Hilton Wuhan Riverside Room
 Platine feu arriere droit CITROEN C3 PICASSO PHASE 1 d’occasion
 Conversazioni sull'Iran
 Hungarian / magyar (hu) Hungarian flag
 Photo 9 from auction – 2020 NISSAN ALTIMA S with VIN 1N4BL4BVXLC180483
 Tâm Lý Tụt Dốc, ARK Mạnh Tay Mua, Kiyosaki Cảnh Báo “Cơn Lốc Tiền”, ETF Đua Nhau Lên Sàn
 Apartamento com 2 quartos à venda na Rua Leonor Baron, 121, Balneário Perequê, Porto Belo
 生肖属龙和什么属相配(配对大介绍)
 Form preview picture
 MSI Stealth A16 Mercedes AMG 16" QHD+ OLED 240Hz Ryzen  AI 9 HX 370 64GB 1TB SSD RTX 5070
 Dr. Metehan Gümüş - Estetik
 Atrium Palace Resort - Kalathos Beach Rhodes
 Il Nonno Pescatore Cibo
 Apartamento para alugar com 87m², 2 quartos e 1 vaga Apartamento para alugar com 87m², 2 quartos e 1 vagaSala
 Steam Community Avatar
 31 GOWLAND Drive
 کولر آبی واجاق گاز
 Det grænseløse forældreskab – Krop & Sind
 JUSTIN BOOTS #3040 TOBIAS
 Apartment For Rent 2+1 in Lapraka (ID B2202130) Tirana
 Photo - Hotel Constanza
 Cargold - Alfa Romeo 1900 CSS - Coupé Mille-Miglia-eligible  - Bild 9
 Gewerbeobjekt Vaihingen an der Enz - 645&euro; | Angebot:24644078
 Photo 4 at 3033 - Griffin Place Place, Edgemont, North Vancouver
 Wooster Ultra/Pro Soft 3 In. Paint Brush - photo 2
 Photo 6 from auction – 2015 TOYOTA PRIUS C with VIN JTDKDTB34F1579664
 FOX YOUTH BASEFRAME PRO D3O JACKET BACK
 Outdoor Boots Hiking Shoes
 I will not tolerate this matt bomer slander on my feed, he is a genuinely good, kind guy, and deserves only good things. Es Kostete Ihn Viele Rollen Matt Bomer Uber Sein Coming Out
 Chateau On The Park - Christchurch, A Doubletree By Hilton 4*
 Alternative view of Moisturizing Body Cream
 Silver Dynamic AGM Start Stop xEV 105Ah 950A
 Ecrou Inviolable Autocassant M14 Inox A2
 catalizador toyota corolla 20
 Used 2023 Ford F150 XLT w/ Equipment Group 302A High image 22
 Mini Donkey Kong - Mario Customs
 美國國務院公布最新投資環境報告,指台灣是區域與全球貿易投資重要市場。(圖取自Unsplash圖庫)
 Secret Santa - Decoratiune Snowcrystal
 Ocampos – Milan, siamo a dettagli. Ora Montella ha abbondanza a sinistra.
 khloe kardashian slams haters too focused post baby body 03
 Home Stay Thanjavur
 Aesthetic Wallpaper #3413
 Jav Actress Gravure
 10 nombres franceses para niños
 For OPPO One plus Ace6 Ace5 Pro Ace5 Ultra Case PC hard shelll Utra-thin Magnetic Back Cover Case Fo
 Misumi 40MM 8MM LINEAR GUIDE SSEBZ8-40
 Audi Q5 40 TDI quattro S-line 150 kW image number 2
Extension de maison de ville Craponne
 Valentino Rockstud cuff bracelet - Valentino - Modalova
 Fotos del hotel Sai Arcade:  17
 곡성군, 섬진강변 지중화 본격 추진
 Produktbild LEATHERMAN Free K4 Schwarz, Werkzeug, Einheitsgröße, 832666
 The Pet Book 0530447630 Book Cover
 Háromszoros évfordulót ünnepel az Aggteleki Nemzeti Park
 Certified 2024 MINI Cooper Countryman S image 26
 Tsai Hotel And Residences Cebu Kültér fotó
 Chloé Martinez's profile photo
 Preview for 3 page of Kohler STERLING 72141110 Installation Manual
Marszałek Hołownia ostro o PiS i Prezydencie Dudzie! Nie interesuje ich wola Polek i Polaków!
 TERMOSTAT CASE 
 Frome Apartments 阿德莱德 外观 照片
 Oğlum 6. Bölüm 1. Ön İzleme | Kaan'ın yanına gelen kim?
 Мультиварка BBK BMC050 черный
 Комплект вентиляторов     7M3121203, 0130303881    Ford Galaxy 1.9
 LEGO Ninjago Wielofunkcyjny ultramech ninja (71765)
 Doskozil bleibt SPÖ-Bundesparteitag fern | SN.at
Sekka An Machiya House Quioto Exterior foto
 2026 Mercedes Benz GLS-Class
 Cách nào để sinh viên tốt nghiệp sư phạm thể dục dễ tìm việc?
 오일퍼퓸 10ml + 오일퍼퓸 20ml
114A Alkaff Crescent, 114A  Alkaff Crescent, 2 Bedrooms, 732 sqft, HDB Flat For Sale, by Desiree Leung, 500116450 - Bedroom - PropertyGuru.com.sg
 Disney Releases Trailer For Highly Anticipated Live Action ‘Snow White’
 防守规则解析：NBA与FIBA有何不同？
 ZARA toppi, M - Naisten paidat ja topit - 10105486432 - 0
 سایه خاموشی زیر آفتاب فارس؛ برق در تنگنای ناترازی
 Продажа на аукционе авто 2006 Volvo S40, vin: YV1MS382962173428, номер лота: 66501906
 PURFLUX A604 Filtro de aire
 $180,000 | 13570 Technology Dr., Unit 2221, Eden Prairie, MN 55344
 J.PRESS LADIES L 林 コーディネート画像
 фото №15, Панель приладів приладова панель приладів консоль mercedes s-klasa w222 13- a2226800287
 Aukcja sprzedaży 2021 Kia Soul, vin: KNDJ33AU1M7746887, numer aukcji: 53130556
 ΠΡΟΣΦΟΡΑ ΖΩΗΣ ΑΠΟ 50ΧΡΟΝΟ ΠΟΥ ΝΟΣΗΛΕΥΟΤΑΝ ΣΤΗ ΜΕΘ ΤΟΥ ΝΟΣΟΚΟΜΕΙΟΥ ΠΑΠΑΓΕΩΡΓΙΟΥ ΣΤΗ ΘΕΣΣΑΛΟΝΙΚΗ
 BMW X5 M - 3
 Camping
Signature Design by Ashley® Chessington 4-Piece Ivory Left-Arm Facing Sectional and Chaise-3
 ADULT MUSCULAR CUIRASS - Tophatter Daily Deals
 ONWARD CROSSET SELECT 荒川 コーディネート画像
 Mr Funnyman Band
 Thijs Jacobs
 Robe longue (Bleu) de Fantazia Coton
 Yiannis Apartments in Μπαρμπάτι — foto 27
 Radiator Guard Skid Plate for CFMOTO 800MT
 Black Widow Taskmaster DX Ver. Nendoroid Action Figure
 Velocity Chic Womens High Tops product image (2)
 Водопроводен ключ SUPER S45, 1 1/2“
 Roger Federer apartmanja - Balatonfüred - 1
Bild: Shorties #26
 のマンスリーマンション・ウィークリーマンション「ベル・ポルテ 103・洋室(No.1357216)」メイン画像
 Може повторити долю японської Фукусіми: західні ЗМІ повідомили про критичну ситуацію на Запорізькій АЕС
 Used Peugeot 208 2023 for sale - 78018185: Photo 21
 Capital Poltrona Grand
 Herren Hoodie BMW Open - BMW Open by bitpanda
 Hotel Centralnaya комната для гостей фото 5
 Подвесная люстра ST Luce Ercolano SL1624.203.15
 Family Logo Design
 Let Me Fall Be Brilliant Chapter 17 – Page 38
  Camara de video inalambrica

#####

Task to complete:
Once you reach the line with "J.PRESS LADIES L 林 コーディネート画像" in the data above, copy it and every line after it exactly, up to and including the line with "Herren Hoodie BMW".

Solution for this task:
 J.PRESS LADIES L 林 コーディネート画像
 фото №15, Панель приладів приладова панель приладів консоль mercedes s-klasa w222 13- a2226800287
 Aukcja sprzedaży 2021 Kia Soul, vin: KNDJ33AU1M7746887, numer aukcji: 53130556
 ΠΡΟΣΦΟΡΑ ΖΩΗΣ ΑΠΟ 50ΧΡΟΝΟ ΠΟΥ ΝΟΣΗΛΕΥΟΤΑΝ ΣΤΗ ΜΕΘ ΤΟΥ ΝΟΣΟΚΟΜΕΙΟΥ ΠΑΠΑΓΕΩΡΓΙΟΥ ΣΤΗ ΘΕΣΣΑΛΟΝΙΚΗ
 BMW X5 M - 3
 Camping
Signature Design by Ashley® Chessington 4-Piece Ivory Left-Arm Facing Sectional and Chaise-3
 ADULT MUSCULAR CUIRASS - Tophatter Daily Deals
 ONWARD CROSSET SELECT 荒川 コーディネート画像
 Mr Funnyman Band
 Thijs Jacobs
 Robe longue (Bleu) de Fantazia Coton
 Yiannis Apartments in Μπαρμπάτι — foto 27
 Radiator Guard Skid Plate for CFMOTO 800MT
 Black Widow Taskmaster DX Ver. Nendoroid Action Figure
 Velocity Chic Womens High Tops product image (2)
 Водопроводен ключ SUPER S45, 1 1/2“
 Roger Federer apartmanja - Balatonfüred - 1
Bild: Shorties #26
 のマンスリーマンション・ウィークリーマンション「ベル・ポルテ 103・洋室(No.1357216)」メイン画像
 Може повторити долю японської Фукусіми: західні ЗМІ повідомили про критичну ситуацію на Запорізькій АЕС
 Used Peugeot 208 2023 for sale - 78018185: Photo 21
 Capital Poltrona Grand
 Herren Hoodie BMW Open - BMW Open by bitpanda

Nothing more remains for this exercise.